PORTLAND, Maine — With a bone-jarring jolt, Juanita and Leon Smith's Volkswagen Beetle bottomed out rounding a corner on a potholed two-lane road that seemed more appropriate for a horse-drawn wagon than their car.Oil poured out of the punctured oil pan, the engine froze up and the car sputtered to a halt in Lincolnville, a small town near the coast. Their insurance company wrote the car off as a total loss.
Potholes are an annual rite of spring in New England, but this monster winter of record snowfall amounts — nearly 200 inches in places — has turned roads into monster problems.
The road had cracks and holes and heaves all over it," said Juanita Smith, recounting the mid-March incident. "It looked like an earthquake had opened up the road."
New Englanders know all too well what spring can bring as roads swell up and break apart when water seeps into pavement cracks and freezes and thaws while the road is being pounded under the heavy weight of vehicles.
Maine's state Department of Transportation faces record pothole repair bills.
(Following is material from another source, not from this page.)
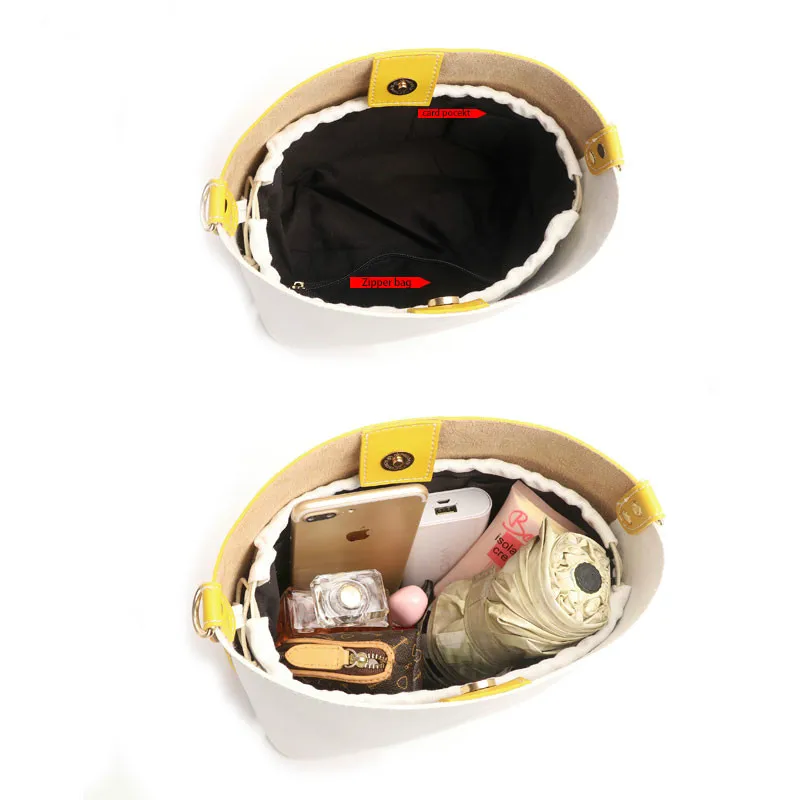 Женские сумки мессенджеры 2020 Carteras Mujer De Hombro Bolsa Feminina Сумки из искусственной кожи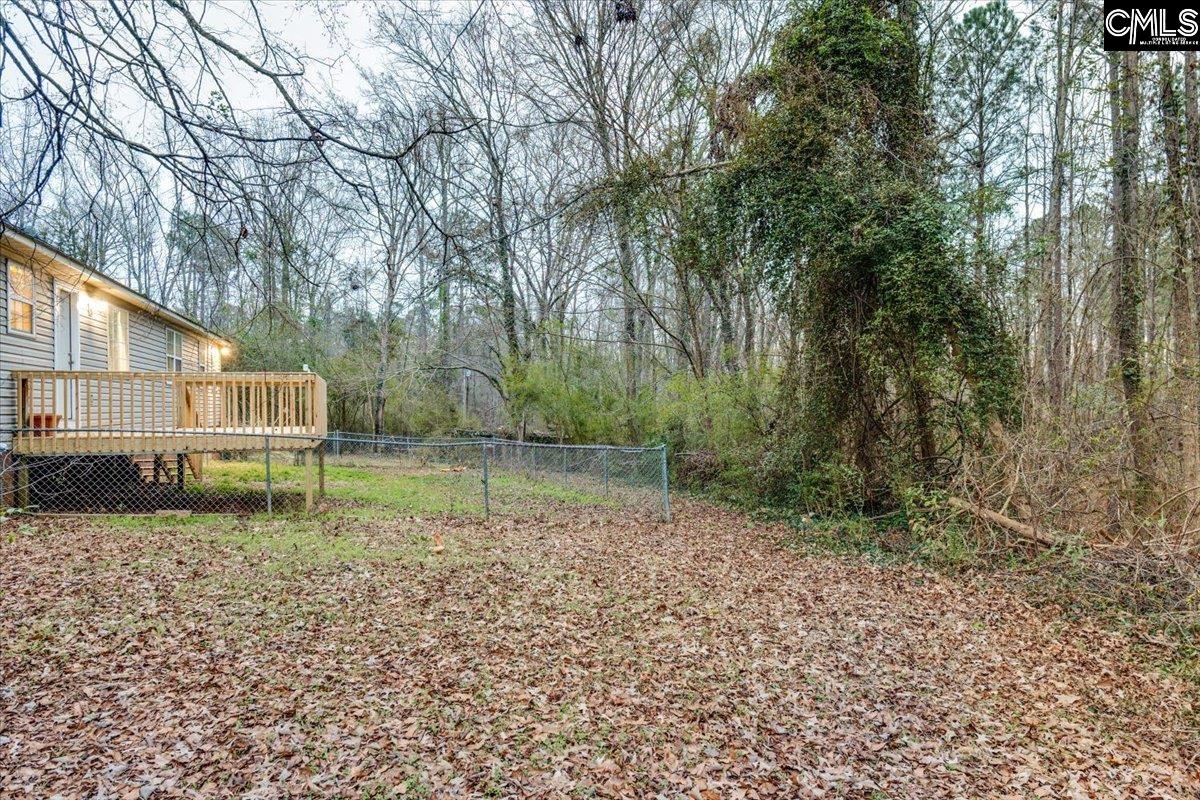 1061 N Highway 25 N Edgefield, SC 29824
Through March, it had spent $3.1 million, just shy of the record $3.2 million spent in the winter of 2005-2006.
Maine is spending even more money trying to get their roads into a reasonably serviceable condition. Where I live in the Midwest, our road is a disaster. The town has tried to patch, but the patches are now coming apart, so you get the joy of hitting a pothole and getting pelted with fragments of the failed repairs. The weather report, ever cheerful this winter (and it is very much still winter), is calling for ice this week. Just for the record, here's today's snowfall anomaly in the Northern hemisphere. Blue is more snow than normal. Here's the Southern ice cap and the Northern one.






By clifto, Sunday, 6 April , 2008 @ 7:53 pm
Chicago area and southwestern burbs are pretty bad as well. I’ve never seen this many deep potholes (even the ones a few inches in diameter are 8″ deep), or for that matter as many potholes, period. Some of the patching is doing well, but the potholes appear faster than the patch crews can keep up with them.
By Maggie, Sunday, 6 April , 2008 @ 8:38 pm
HEH!!!!
Mahoning County, NE Ohio …
Dark-friggin’-side of da moon, Alice!
By Flyfish, Tuesday, 8 April , 2008 @ 5:12 pm
It’s true, after 24 years of living in Maine I’d have to say this is the worst spring for potholes I have seen so far.